A
fala de Pujol, acompanhada por manifestações dos comandantes da Marinha e da
Força Aérea, foi um sinal necessário
Três
dias antes do naufrágio eleitoral da jangada de Jair Bolsonaro, o comandante do
Exército, general Edson Pujol, disse que a tropa não se mete na política e que
a política não deve entrar nos quartéis. Essa coincidência só pode ser
atribuída a uma interferência de Frei Orlando, o capelão franciscano do 11º
Regimento de Infantaria que tomou um tiro na Itália em fevereiro de 1945, dias
antes do ataque a Monte Castelo, e tornou-se patrono da assistência religiosa
do Exército. Se Pujol tivesse dito o que disse quatro dias depois da eleição de
domingo, a leitura seria toda outra.
Em
dois anos de governo, Bolsonaro levou as Forças Armadas do paraíso ao
purgatório.
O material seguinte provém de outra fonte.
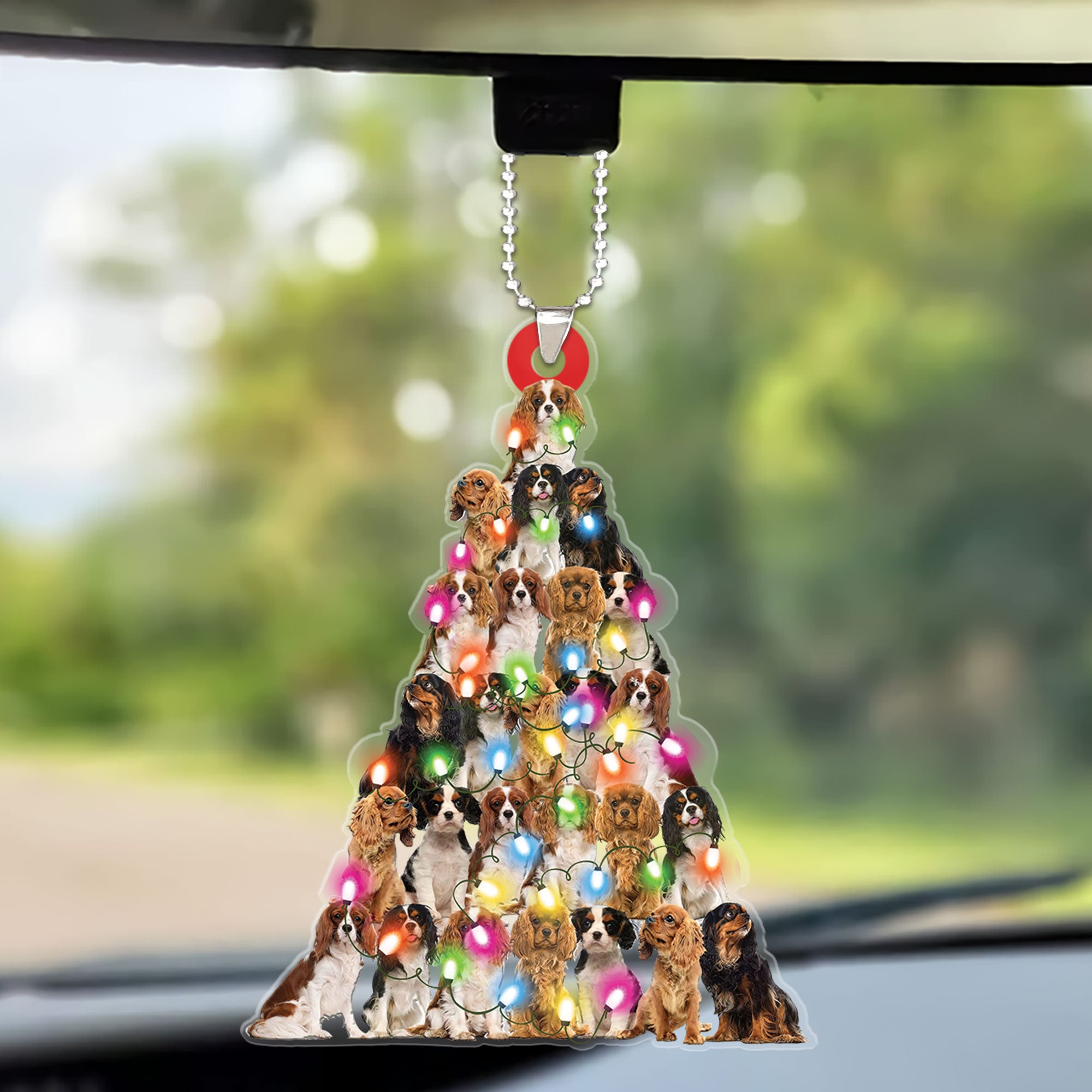 Custom Dog Christmas Car Ornament, Personalized Cavalier King Christmas Tree Shaped Car Ornament for Dog Lover,Christmas, New Year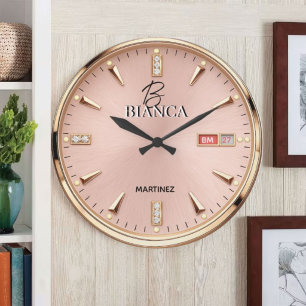 Pink Luxury Watch Elegant Gold and Silver Women's Large Clock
Décadas de distanciamento e relativo silêncio foram substituídas
por militâncias desconexas em torno de um presidente errático, nepotista, com
um pé na superstição. Laboratórios do Exército receberam ordem para fabricar
cloroquina. Felizmente, o capitão desistiu da promessa de visitar, nos Estados
Unidos, a empresa de militares aposentados que pesquisava a transmissão de
energia elétrica sem fio. Para quem acredita em lendas da floresta, essa mágica
teria impedido o apagão do Amapá.
A
fala de Pujol, acompanhada por manifestações dos comandantes da Marinha e da
Força Aérea, foi um sinal necessário, cuja eficácia dependerá do prosseguimento
de um exercício diário de chefia e disciplina.
O
vírus da atividade política entrou nas Forças Armadas, sobretudo no Exército,
durante o governo de Michel Temer e o comando do general Eduardo Villas Bôas.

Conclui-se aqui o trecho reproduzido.